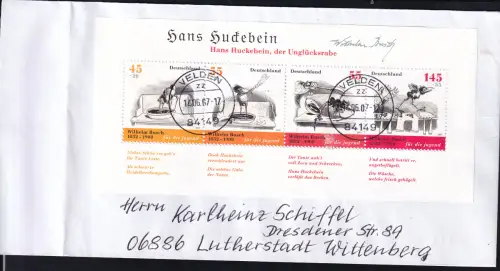 Jugend 2007 Block auf FDC, Brief Randbug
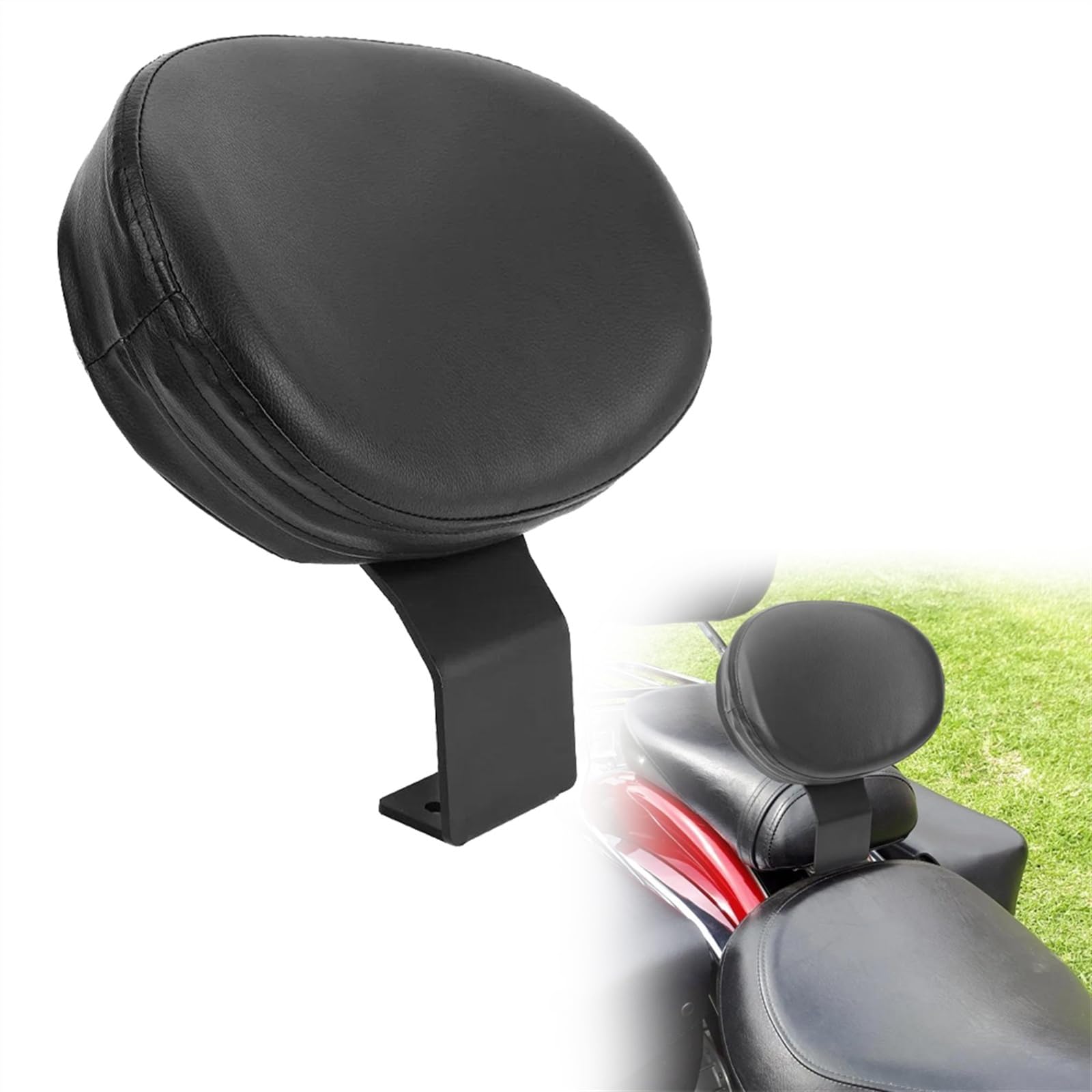 ZDJKI Backrest Motorcycle Cushion Leather Driver Rider Bar Backrests Seat Back Rest For S&uzuki Volusia VL800 INTRUDER C800 M800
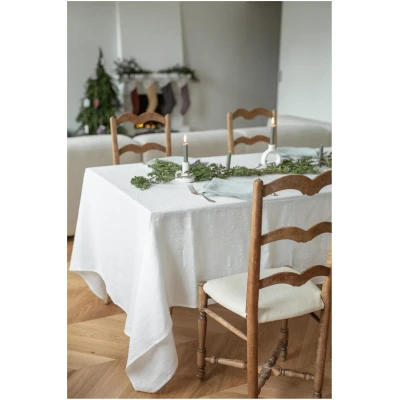 AmourLinen unisex vegan Tischdecke Aus Leinen Weiß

■ **Task brief**
Set the pictures aside and transcribe the data above exactly.

■ **Answer to the exercise**
 Jugend 2007 Block auf FDC, Brief Randbug
 ZDJKI Backrest Motorcycle Cushion Leather Driver Rider Bar Backrests Seat Back Rest For S&uzuki Volusia VL800 INTRUDER C800 M800
 AmourLinen unisex vegan Tischdecke Aus Leinen Weiß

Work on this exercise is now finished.